● REQUIRED WORK
Among the entries below, take the line with "Borlotti Bean (light" and the line with "Property photo 1 of 26 Picture No. 01", and output them and every line between them exactly, with nothing else.

● GIVEN INFORMATION
#####

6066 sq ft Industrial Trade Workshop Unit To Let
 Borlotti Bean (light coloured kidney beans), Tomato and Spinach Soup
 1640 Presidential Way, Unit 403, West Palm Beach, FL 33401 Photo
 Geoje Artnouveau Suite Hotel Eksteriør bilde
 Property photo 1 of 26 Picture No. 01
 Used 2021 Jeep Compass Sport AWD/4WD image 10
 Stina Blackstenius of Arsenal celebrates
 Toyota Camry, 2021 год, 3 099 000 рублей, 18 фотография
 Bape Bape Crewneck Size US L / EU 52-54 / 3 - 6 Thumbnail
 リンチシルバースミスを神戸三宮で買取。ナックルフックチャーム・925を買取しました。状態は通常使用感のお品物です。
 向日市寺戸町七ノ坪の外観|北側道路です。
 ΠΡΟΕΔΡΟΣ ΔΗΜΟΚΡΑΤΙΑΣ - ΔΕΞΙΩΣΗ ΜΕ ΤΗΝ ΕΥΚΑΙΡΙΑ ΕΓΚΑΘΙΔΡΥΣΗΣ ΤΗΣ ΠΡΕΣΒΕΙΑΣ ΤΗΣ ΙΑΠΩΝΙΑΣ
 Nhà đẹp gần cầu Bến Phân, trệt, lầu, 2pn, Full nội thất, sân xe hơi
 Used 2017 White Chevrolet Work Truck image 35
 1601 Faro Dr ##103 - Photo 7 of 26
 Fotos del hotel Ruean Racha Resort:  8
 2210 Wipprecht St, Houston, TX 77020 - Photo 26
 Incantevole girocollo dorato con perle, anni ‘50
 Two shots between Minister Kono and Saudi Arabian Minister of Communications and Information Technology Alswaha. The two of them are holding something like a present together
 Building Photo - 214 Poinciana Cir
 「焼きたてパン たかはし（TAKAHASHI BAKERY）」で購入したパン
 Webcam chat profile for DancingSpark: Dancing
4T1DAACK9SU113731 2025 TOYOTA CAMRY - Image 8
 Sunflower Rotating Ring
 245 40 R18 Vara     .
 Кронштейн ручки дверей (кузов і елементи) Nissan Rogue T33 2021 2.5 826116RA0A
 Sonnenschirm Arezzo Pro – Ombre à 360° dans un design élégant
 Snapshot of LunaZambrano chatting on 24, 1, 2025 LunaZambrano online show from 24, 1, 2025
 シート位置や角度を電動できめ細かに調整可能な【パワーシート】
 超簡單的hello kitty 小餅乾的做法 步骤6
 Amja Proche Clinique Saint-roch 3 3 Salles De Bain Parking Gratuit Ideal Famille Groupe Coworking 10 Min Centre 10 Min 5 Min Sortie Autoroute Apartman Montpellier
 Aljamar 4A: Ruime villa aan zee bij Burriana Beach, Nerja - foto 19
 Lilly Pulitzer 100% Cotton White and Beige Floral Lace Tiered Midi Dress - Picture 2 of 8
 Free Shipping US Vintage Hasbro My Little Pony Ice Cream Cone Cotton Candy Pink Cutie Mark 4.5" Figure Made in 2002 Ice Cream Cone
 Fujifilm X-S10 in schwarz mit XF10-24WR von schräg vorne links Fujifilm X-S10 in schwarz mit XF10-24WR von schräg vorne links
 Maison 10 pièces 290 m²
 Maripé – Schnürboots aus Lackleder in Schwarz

#####

● ANSWER TO THE EXERCISE
 Borlotti Bean (light coloured kidney beans), Tomato and Spinach Soup
 1640 Presidential Way, Unit 403, West Palm Beach, FL 33401 Photo
 Geoje Artnouveau Suite Hotel Eksteriør bilde
 Property photo 1 of 26 Picture No. 01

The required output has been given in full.